Board Governance
“To give real service you must add something which cannot be bought or measured with money, and that is sincerity and integrity.”
– Douglas Adams
Introduction

The Twelve Principles of Exceptional Board Governance
These principles define governance not as dry, obligatory compliance, but as a creative and collaborative process that supports the chief executive, engages board members, and furthers the causes we all serve.
Good governance requires the board to balance its role as an oversight body with its role as a force supporting the organization. The difference between responsible and exceptional boards lies in thoughtfulness and intentionality, action and engagement, knowledge and communication. The following twelve principles offer our chief executive a description of an empowered board that is a strategic asset to be leveraged. They provide board members with a vision of what is possible and a way to add lasting value to the organization they lead.
1. Constructive partnership
Exceptional boards govern in constructive partnership with the chief executive, recognizing that the effectiveness of the board and chief executive are interdependent. They build this partnership through trust, candor, respect, and honest communication and continual dialogue.
2. Mission driven
Exceptional boards shape and uphold the mission, articulate a compelling vision, and ensure the congruence between decisions and core values. They treat questions of mission, vision, and core values not as exercises to be done once, but as statements of crucial importance to be drilled down and folded into deliberations.
3. Strategic thinking
Exceptional boards allocate time to what matters most and continuously engage in strategic thinking to hone the organization’s direction. They not only align agendas and goals with strategic priorities, but also use them for assessing the chief executive, driving meeting agendas, and shaping board recruitment.
4. Culture of inquiry
Exceptional boards institutionalize a culture of inquiry, mutual respect, and constructive debate that leads to sound and shared decision making. They seek more information, question assumptions, and challenge conclusions so that they may advocate for solutions based on analysis.
5. Independent-mindedness
Exceptional boards are independent-minded. They apply rigorous conflict-of-interest procedures, and their board members put the interests of the organization above all else when making decisions. They do not allow their votes to be unduly influenced by loyalty to the chief executive or by seniority, position, or reputation of fellow board members, staff, or donors.
6. Ethos of transparency
Exceptional boards promote an ethos of transparency by ensuring that donors, stakeholders, and interested members of the public have access to appropriate and accurate information regarding finances, operations, and results. They also extend transparency internally, ensuring that every board member has equal access to relevant materials when making decisions.

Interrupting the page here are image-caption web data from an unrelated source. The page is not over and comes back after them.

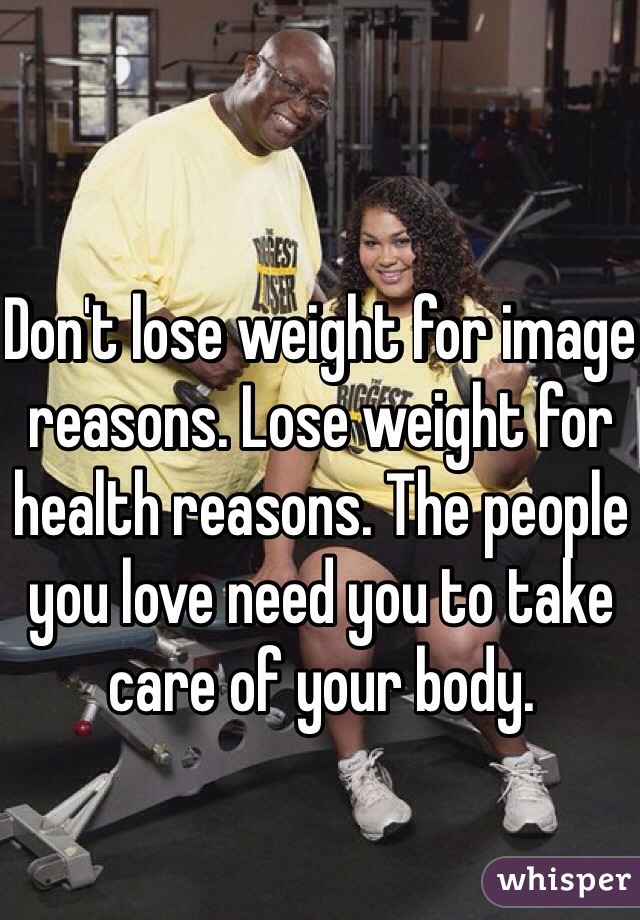 Don't lose weight for image reasons. Lose weight for health reasons. The people you love need you to take care of your body. 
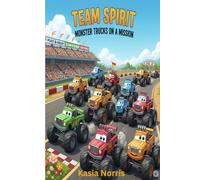 Team Spirit: Monster Trucks On A Mission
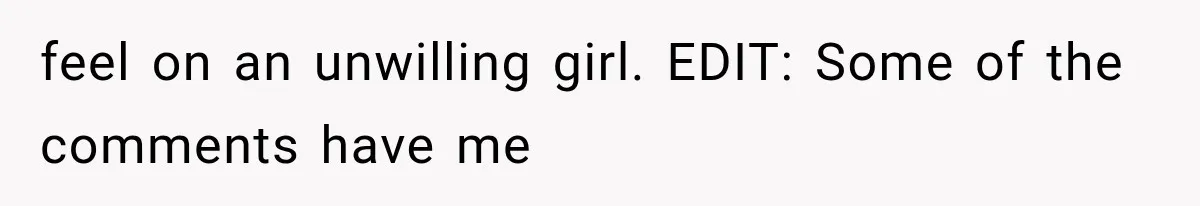feel on an unwilling girl. EDIT: Some of the comments have me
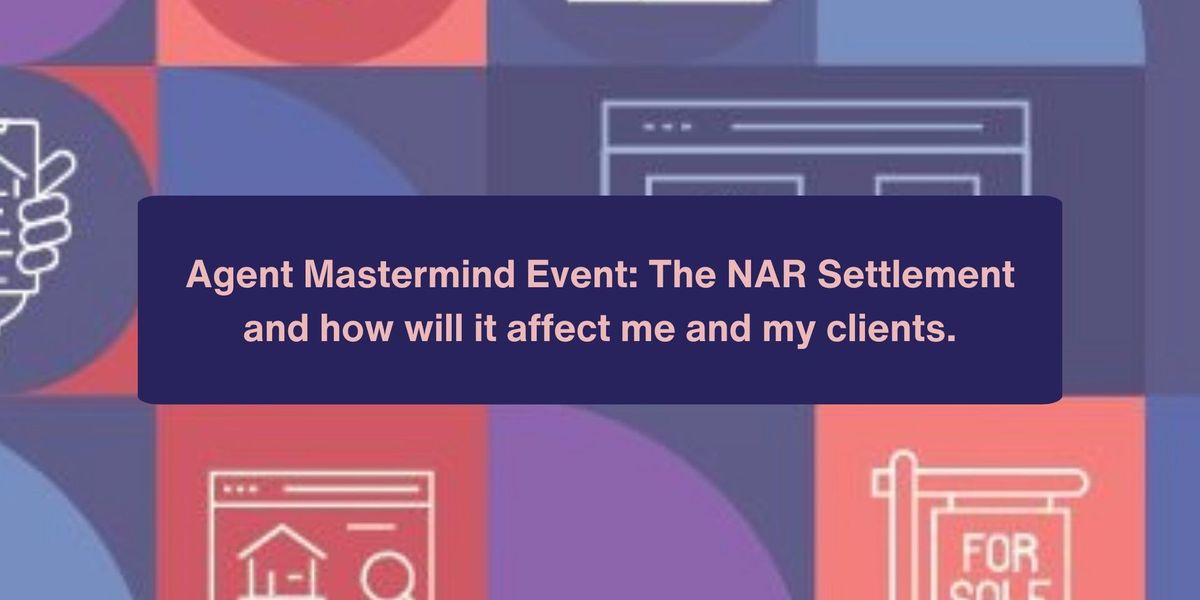 The NAR Settlement and how it will affect me and my clients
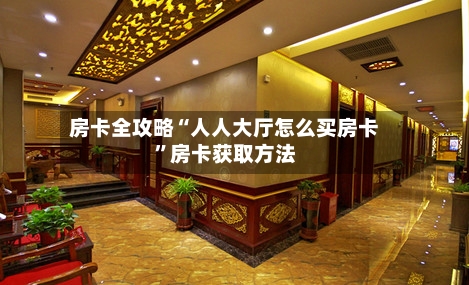 房卡全攻略“人人大厅怎么买房卡”房卡获取方法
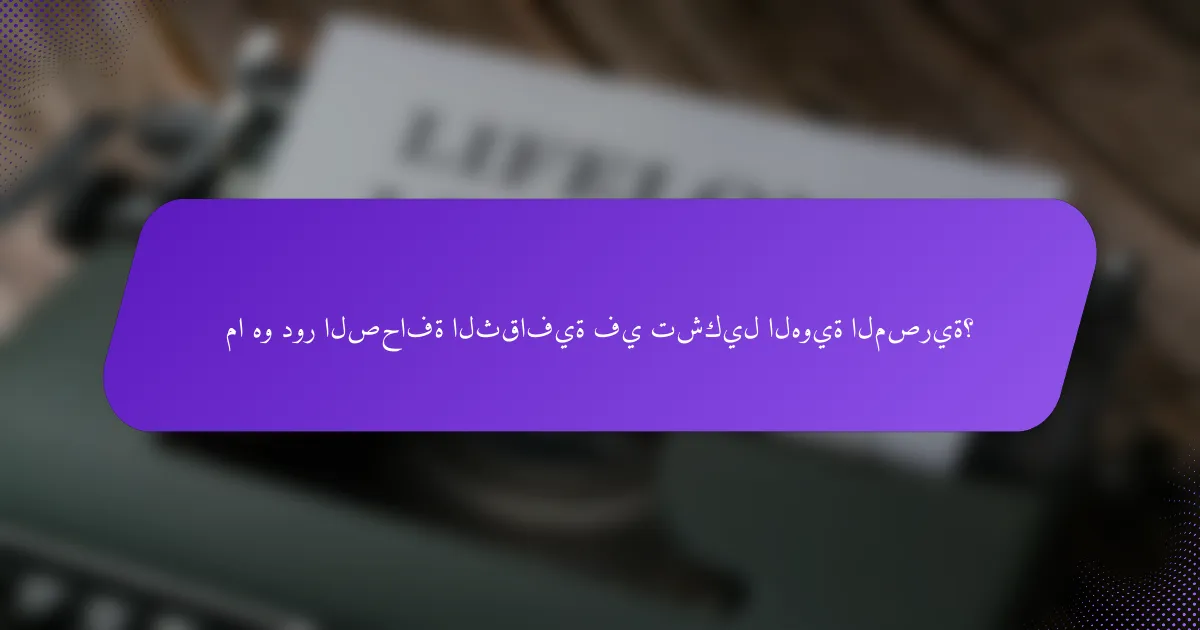 ما هو دور الصحافة الثقافية في تشكيل الهوية المصرية؟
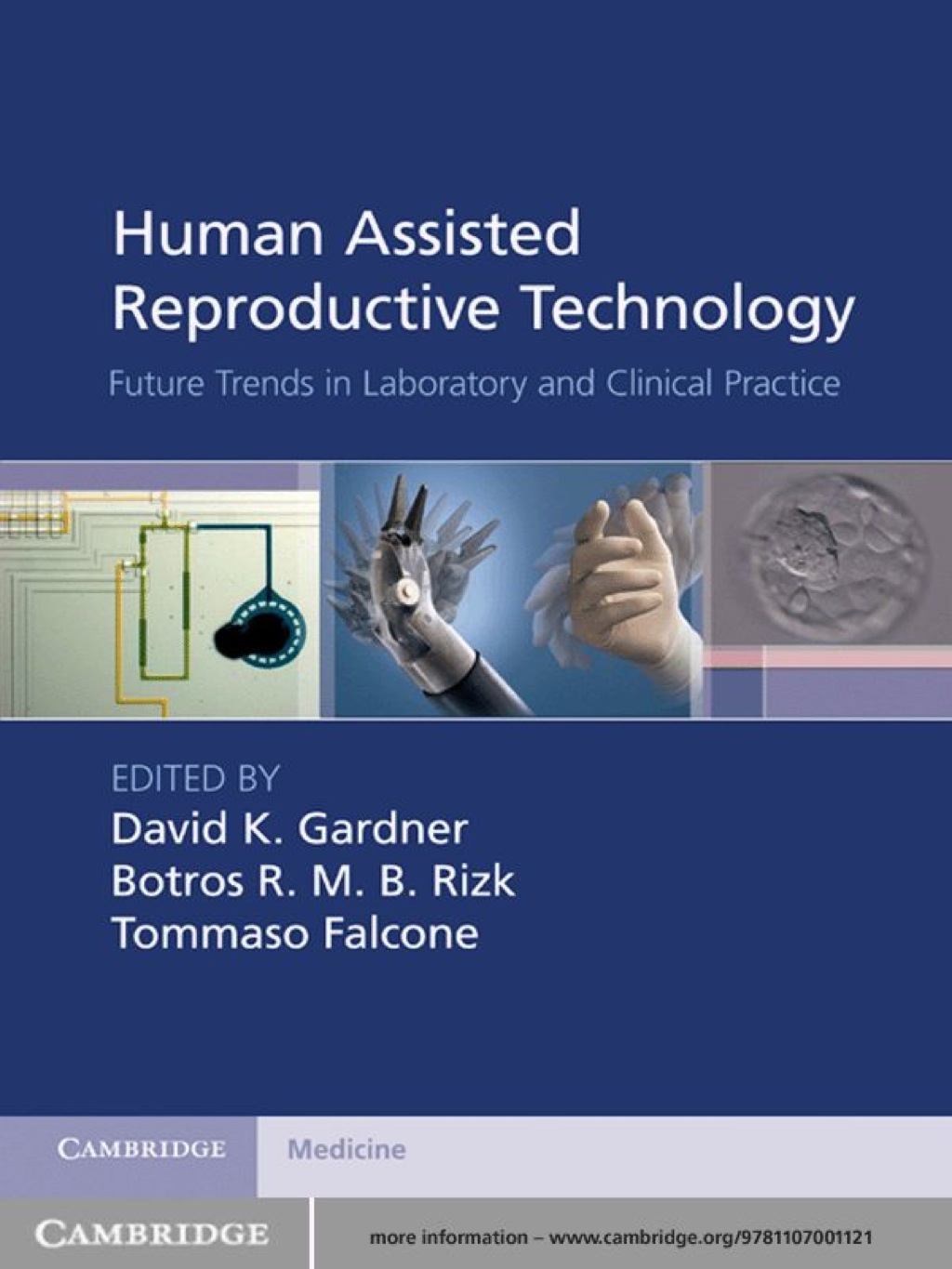 Human Assisted Reproductive Technology Future Trends in Laboratory and Clinical Practice 1st Edition
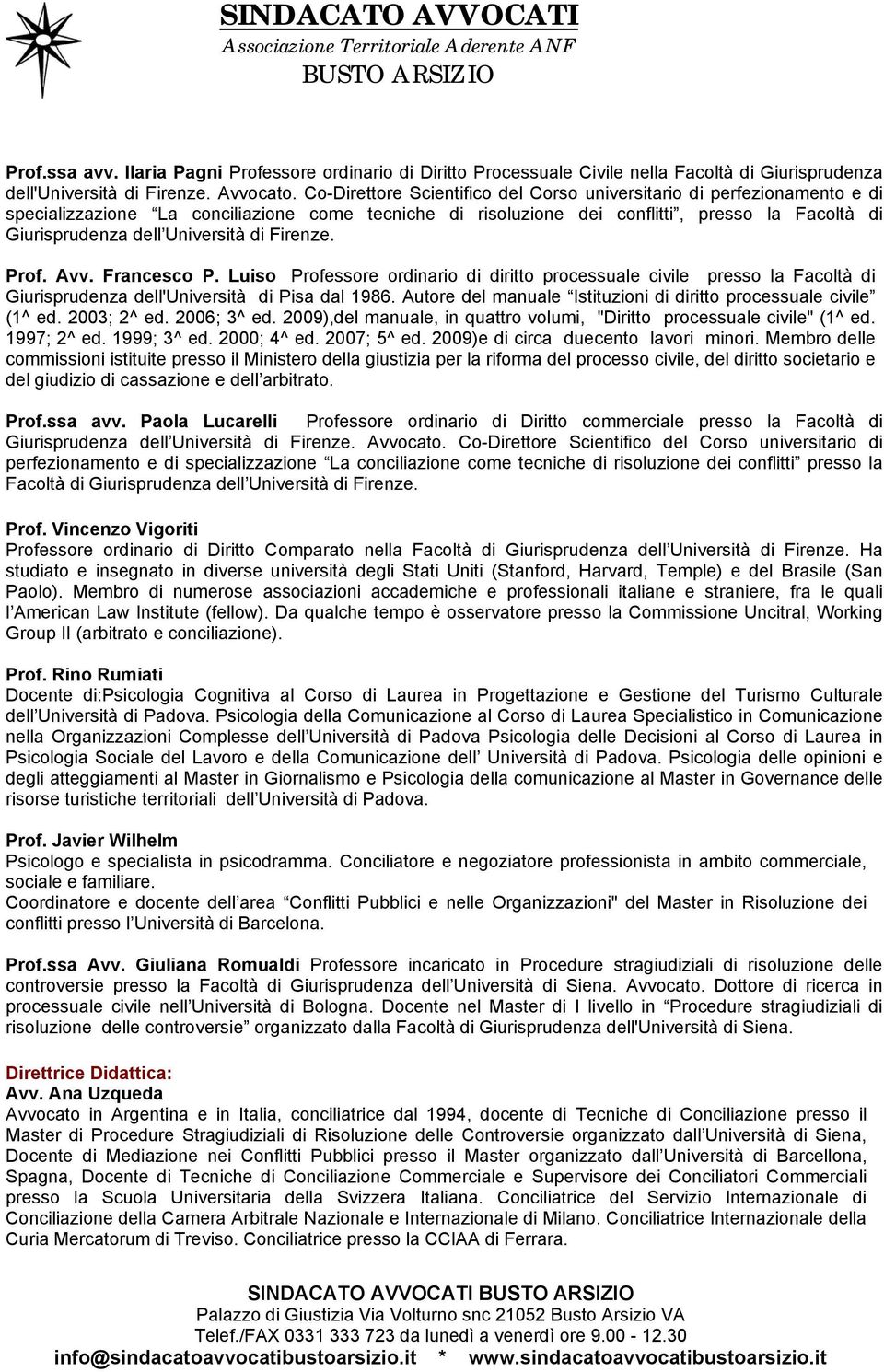 Università di Firenze. Prof. Avv. Francesco P. Luiso Professore ordinario di diritto processuale civile presso la Facoltà di Giurisprudenza dell'università di Pisa dal 1986.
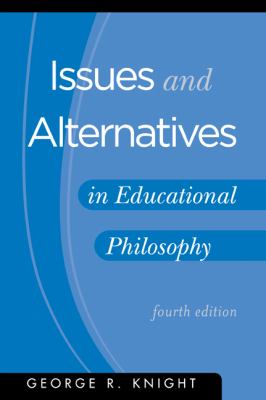 Issues and alternatives in educational philosophy  cover image cdn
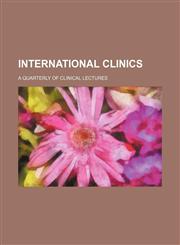 International Clinics; A Quarterly of Clinical Lectures,1459085655,9781459085657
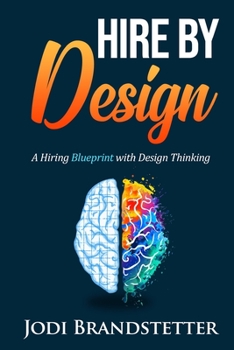 Paperback Hire By Design: A Hiring Blueprint with Design Thinking Book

7. Compliance with integrity
Exceptional boards promote strong ethical values and disciplined compliance by establishing appropriate mechanisms for active oversight. They use these mechanisms, such as independent audits, to ensure accountability and sufficient controls; to deepen their understanding of the organization; and to reduce the risk of waste, fraud, and abuse.
8. Sustaining resources
Exceptional boards link bold visions and ambitious plans to financial support, expertise, and networks of influence. Linking budgeting to strategic planning, they approve activities that can be realistically financed with existing or attainable resources, while ensuring that the organization has the infrastructure and internal capacity it needs.
9. Results-oriented
Exceptional boards are results-oriented. They measure the organization’s progress towards mission and evaluate the performance of major programs and services. They gauge efficiency, effectiveness, and impact, while simultaneously assessing the quality of service delivery, integrating benchmarks against peers, and calculating return on investment.
10. Intentional board practices
Exceptional boards purposefully structure themselves to fulfill essential governance duties and to support organizational priorities. Making governance intentional, not incidental, exceptional boards invest in structures and practices that can be thoughtfully adapted to changing circumstances.
11. Continuous learning
Exceptional boards embrace the qualities of a continuous learning organization, evaluating their own performance and assessing the value they add to the organization. They embed learning opportunities into routine governance work and in activities outside of the boardroom.
12. Revitalization
Exceptional boards energize themselves through planned turnover, thoughtful recruitment, and inclusiveness. They see the correlation between mission, strategy, and board composition, and they understand the importance of fresh perspectives and the risks of closed groups. They revitalize themselves through diversity of experience and through continuous recruitment.